Page 1 of 1

Randomize a PGN file

Posted: Mon Feb 27, 2012 7:54 pm
by Jeremy Bernstein
Does anyone have a quick tip for randomizing the order of a PGN file? I don't feel like coding it up...

Re: Randomize a PGN file

Posted: Tue Feb 28, 2012 5:00 am
by BB+
Do you have a way of sorting the games in a PGN file? If so, then just sort based upon a random hash function... :geek:

Re: Randomize a PGN file

Posted: Tue Feb 28, 2012 3:02 pm
by Chris Whittington
Jeremy Bernstein wrote:Does anyone have a quick tip for randomizing the order of a PGN file? I don't feel like coding it up...
I recollect Oxford softworks card games such as Bridge etc, shuffled the card deck with one pass 1 to 52 swapping entry with entry[random(52)]

Re: Randomize a PGN file

Posted: Tue Feb 28, 2012 7:22 pm
by hyatt
And that is a known bad way of sorting a deck of cards. I'll leave it as an exercise to the reader to understand why.

Re: Randomize a PGN file

Posted: Tue Feb 28, 2012 7:25 pm
by hyatt
Chris Whittington wrote:
Jeremy Bernstein wrote:Does anyone have a quick tip for randomizing the order of a PGN file? I don't feel like coding it up...
I recollect Oxford softworks card games such as Bridge etc, shuffled the card deck with one pass 1 to 52 swapping entry with entry[random(52)]


1. Read through the PGN file and look for a specific PGN tag (such as "Event"). write the index to the start of that game into a file. Follow it by a md5sum of the moves from that game.

2. Sort the new file on the basis oc the md5 sum which is a pretty random number.

3. Read that file and take the first "offset" to index into the original PGN file and read the entire game in and write it to the new file as game 1. Continue this until the list of offsets has been used...

Re: Randomize a PGN file

Posted: Tue Feb 28, 2012 8:58 pm
by zwegner
This shouldn't be that hard... I was hoping that "sort -R -t '\n\n['" would do the trick, but sort doesn't allow multi-character separators.

Thus, a python two-liner:

Code: Select all

import random
open('out.pgn', 'w').write( '\n\n['.join(sorted(open('in.pgn').read().split('\n\n['), key=lambda x:random.random())))

Re: Randomize a PGN file

Posted: Tue Feb 28, 2012 9:08 pm
by hyatt
zwegner wrote:This shouldn't be that hard... I was hoping that "sort -R -t '\n\n['" would do the trick, but sort doesn't allow multi-character separators.

Thus, a python two-liner:

Code: Select all

import random
open('out.pgn', 'w').write( '\n\n['.join(sorted(open('in.pgn').read().split('\n\n['), key=lambda x:random.random())))

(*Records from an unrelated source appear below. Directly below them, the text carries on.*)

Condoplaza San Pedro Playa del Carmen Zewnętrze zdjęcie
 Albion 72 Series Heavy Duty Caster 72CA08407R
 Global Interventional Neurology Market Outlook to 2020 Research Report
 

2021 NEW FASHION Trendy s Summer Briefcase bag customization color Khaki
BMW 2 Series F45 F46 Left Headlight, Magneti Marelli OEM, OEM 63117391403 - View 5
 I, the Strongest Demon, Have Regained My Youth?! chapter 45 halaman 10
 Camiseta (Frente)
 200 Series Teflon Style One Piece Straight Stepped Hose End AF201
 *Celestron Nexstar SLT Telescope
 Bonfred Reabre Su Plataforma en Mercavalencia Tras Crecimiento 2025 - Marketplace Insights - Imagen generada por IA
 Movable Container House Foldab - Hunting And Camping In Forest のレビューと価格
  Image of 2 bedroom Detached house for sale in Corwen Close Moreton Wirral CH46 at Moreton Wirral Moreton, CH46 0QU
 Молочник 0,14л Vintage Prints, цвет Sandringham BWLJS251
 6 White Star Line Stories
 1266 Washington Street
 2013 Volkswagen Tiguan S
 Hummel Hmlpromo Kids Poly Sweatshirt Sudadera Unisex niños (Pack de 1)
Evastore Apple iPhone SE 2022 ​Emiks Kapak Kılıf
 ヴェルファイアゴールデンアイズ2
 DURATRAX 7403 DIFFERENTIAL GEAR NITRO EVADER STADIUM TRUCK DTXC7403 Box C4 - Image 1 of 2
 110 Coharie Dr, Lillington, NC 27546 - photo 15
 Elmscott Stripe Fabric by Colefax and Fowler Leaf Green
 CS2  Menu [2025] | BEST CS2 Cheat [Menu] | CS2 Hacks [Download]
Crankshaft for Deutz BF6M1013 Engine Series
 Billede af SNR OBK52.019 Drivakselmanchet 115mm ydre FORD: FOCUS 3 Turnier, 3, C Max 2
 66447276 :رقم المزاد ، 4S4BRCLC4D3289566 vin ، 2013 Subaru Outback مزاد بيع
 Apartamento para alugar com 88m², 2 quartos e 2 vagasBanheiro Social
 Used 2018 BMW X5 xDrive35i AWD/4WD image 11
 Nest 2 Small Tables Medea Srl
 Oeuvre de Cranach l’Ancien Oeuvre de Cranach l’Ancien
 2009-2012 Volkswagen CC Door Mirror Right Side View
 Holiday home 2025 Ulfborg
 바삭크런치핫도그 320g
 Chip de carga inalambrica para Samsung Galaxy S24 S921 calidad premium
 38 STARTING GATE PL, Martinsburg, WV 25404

How is it going to know where the games are separated? I've had at least one big PGN file without a blank line separating the games... My book builder uses a "[" to mark the end of one game and the start of another. That works on all PGN.

Re: Randomize a PGN file

Posted: Wed Feb 29, 2012 1:31 am
by User923005
Assuming that you have a list of N games, address them in this manner {from the Usenet C-FAQ}:

game_number_to_examine = (int)((double)rand() / ((double)RAND_MAX + 1) * N);

No need to actually scramble the games unless you want to.

Some implementations of rand() are iffy, so you might want to consider using the Mersenne Twister instead:
http://www.math.sci.hiroshima-u.ac.jp/~ ... T/emt.html

Re: Randomize a PGN file

Posted: Wed Feb 29, 2012 1:44 am
by Jeremy Bernstein
User923005 wrote:Assuming that you have a list of N games, address them in this manner {from the Usenet C-FAQ}:

game_number_to_examine = (int)((double)rand() / ((double)RAND_MAX + 1) * N);

No need to actually scramble the games unless you want to.

Some implementations of rand() are iffy, so you might want to consider using the Mersenne Twister instead:
http://www.math.sci.hiroshima-u.ac.jp/~ ... T/emt.html
I ultimately just found some software for Android that does what your first suggestion does (although using an apparently iffy rand()): https://market.android.com/details?id=c ... ira.ichess. Unfortunately, SCID on the go doesn't do this yet.

Thanks for the suggestions, though -- if I decide to drill the tactical sets on paper, the various ideas here will definitely help to shuffle the PGN(s) in question.

jb